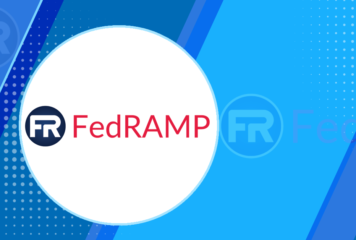 OMB Establishes FedRAMP Board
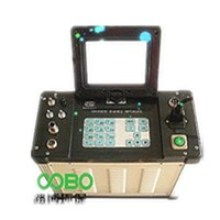 2020年粉塵采樣器市場(chǎng)價(jià)格分析、報(bào)價(jià)指南與批發(fā)渠道推薦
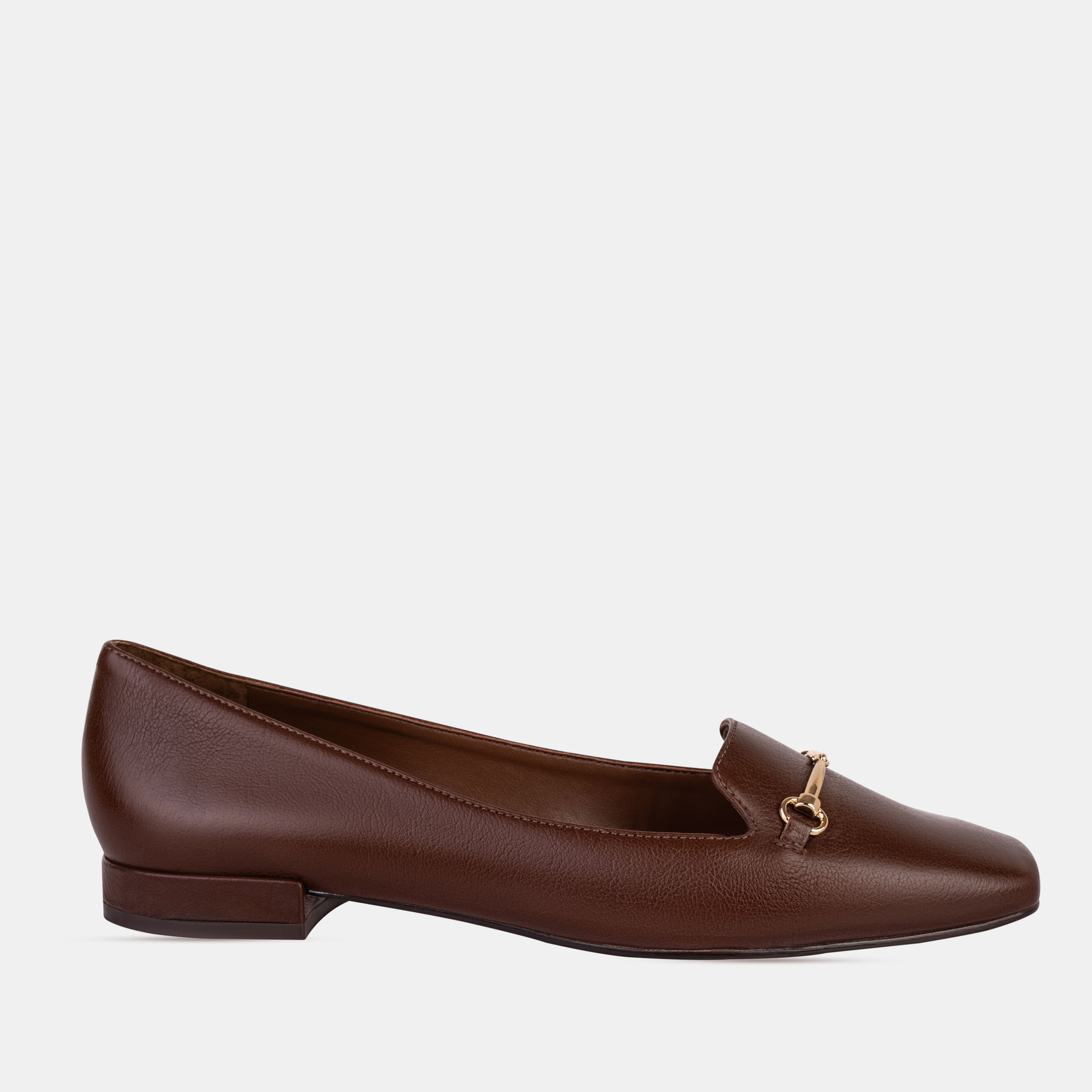 Mocasin Icon Line LDL 80950005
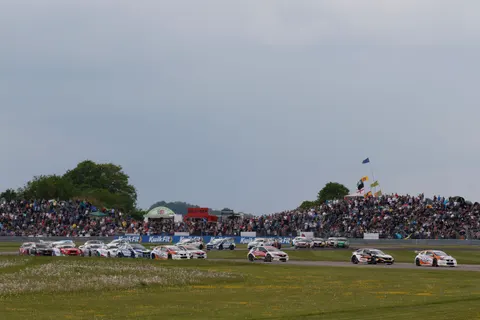 Tordoff-2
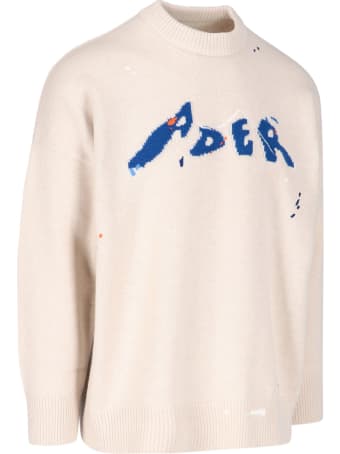 Ader Error Top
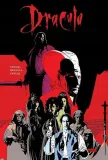 dracula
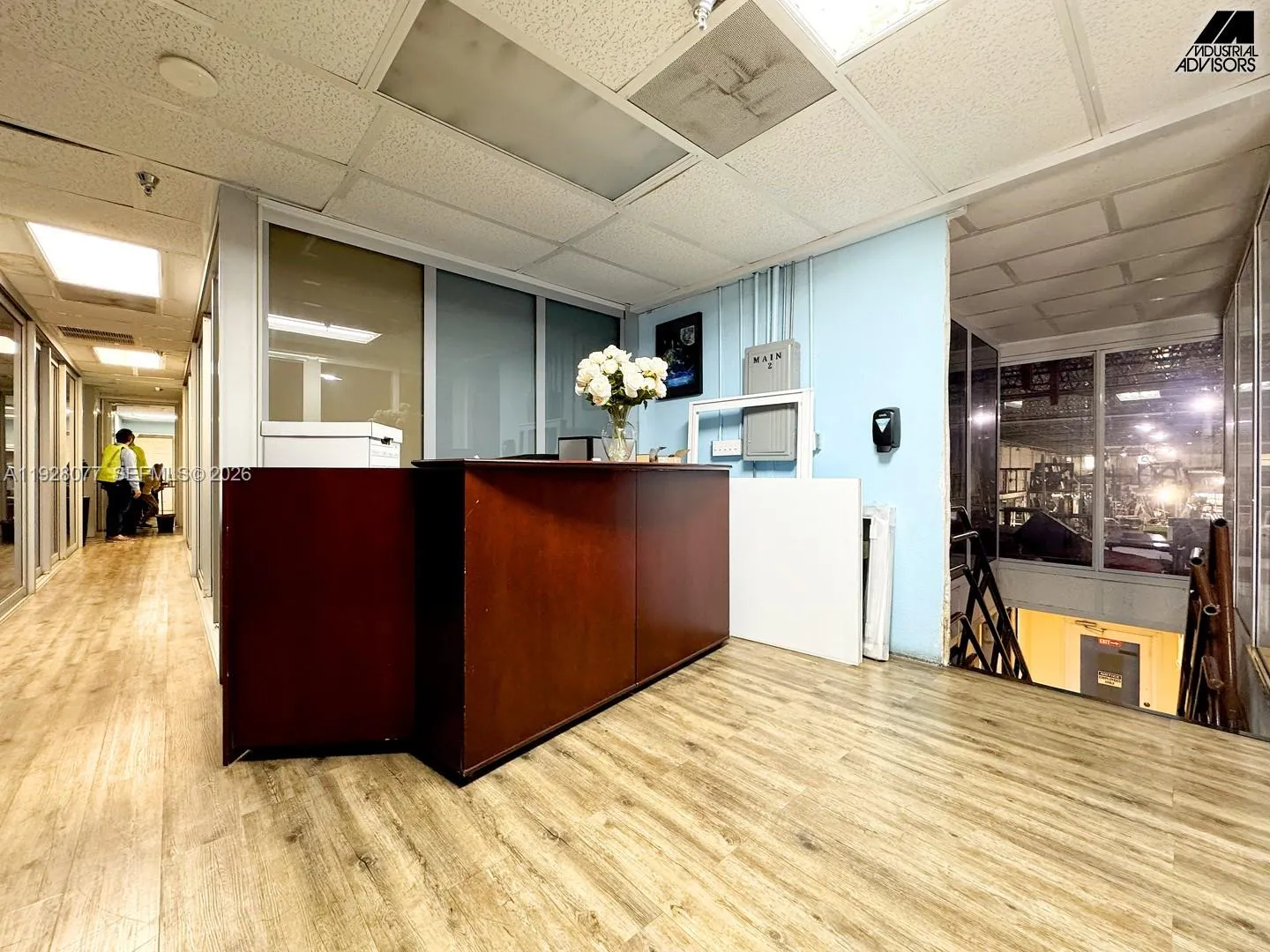 290 W 78th Rd, Hialeah, Florida 33014, Hialeah, Florida 33014, ,Commercial Sale,For Sale,290 W 78th Rd, Hialeah, Florida 33014,A11928077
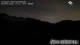 Furkajoch 30.04.2025 02:52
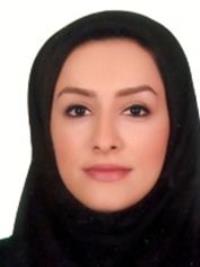 دکتر نیلوفر شهبازی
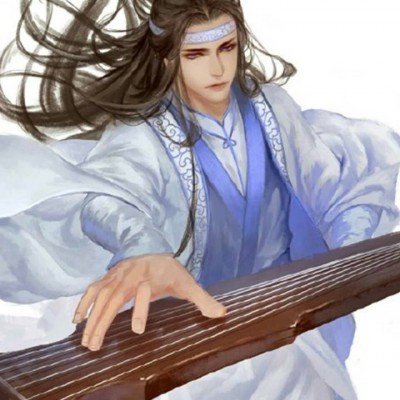 老人专程给暖心女司机送表扬信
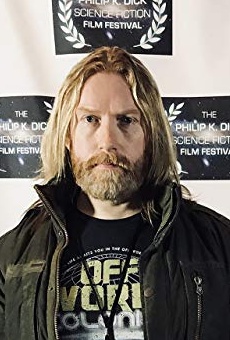 Películas de Warren Flanagan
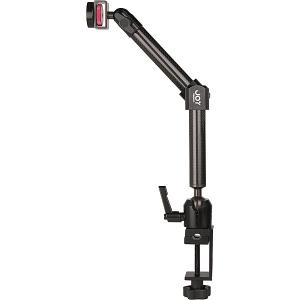 The Joy Factory MMU109 MagConnect 車椅子用マウント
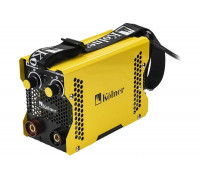 Сварочный инверторный аппарат Kolner KIWM 270А IGBT 5 кВт, 20-270 А 8040500096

⁂

Work order: Beginning with the line with "290 W 78th Rd, Hialeah, Florida 33014, Hialeah, Florida", repeat the entries above exactly, up to and including the last line, leaving out pictures.

Result for this exercise:
 290 W 78th Rd, Hialeah, Florida 33014, Hialeah, Florida 33014, ,Commercial Sale,For Sale,290 W 78th Rd, Hialeah, Florida 33014,A11928077
 Furkajoch 30.04.2025 02:52
 دکتر نیلوفر شهبازی
 老人专程给暖心女司机送表扬信
 Películas de Warren Flanagan
 The Joy Factory MMU109 MagConnect 車椅子用マウント
 Сварочный инверторный аппарат Kolner KIWM 270А IGBT 5 кВт, 20-270 А 8040500096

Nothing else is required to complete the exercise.